THE TASK |
With pictures left out, set down exactly the lines from the line containing "Aqua - Destigo Отель 3*" through the last line of the data.

SUPPLIED INFORMATION |
● ● ●

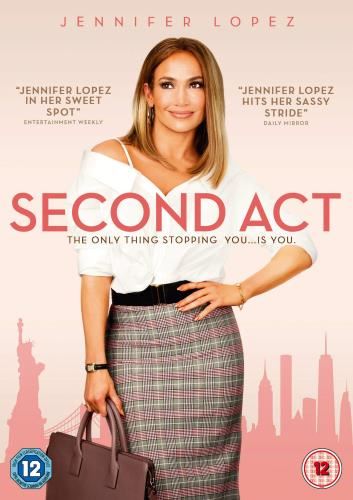 Second Act [2019] - Jennifer Lopez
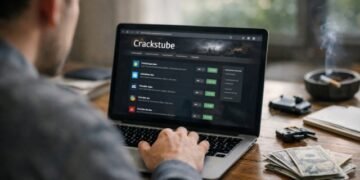 Crackstube: Platform Overview, Online Attention, and Risks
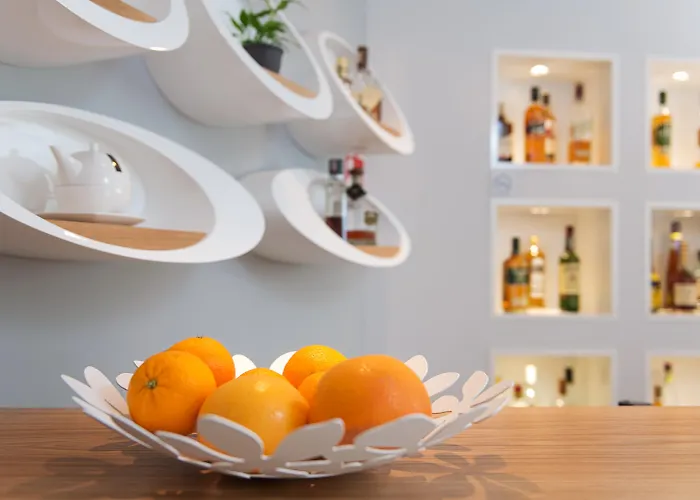 Aqua - Destigo Отель 3*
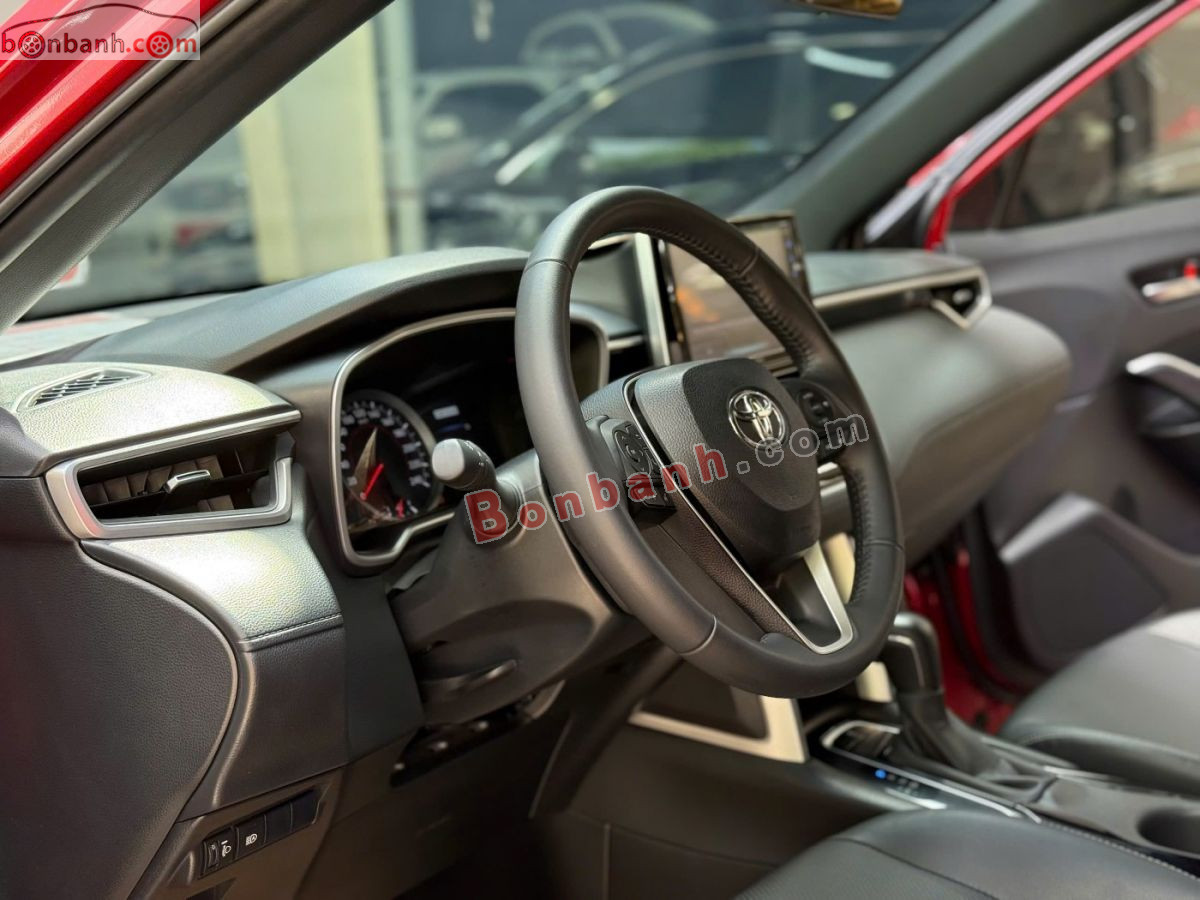 Toyota Corolla Cross 1.8V 2022 - 675 Triệu 7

● ● ●

YOUR SOLUTION |
 Aqua - Destigo Отель 3*
 Toyota Corolla Cross 1.8V 2022 - 675 Triệu 7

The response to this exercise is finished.